### Given data
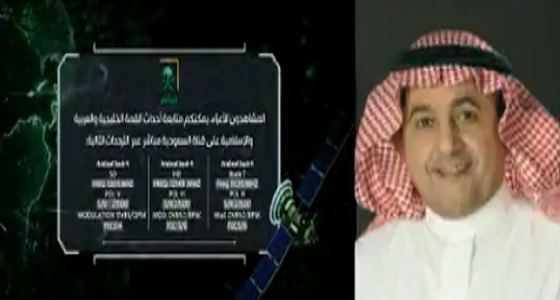 بالفيديو.. ” الشريان ” يكشف آلية عمل قناة السعودية مباشر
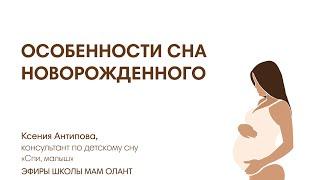 ОСОБЕННОСТИ СНА НОВОРОЖДЕННОГО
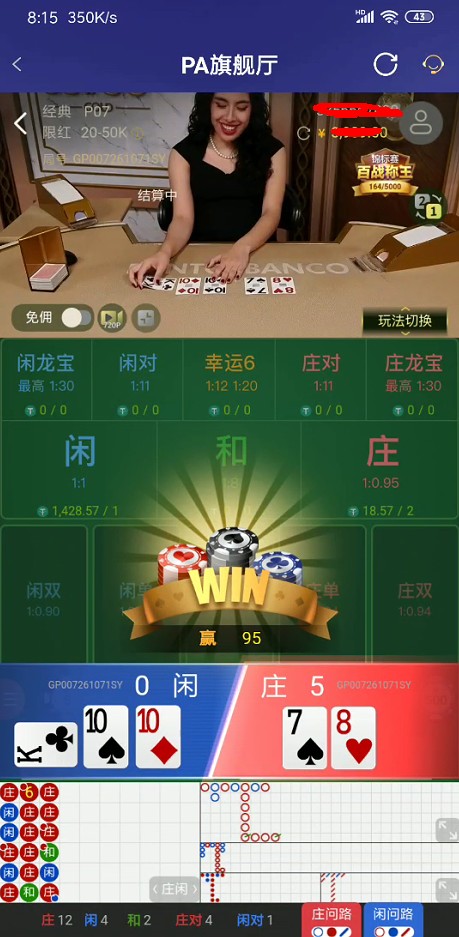 截图未命名.jpg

### Task description
Quote the material word for word, dropping any images it holds.

### Response to the task
 بالفيديو.. ” الشريان ” يكشف آلية عمل قناة السعودية مباشر
 ОСОБЕННОСТИ СНА НОВОРОЖДЕННОГО
 截图未命名.jpg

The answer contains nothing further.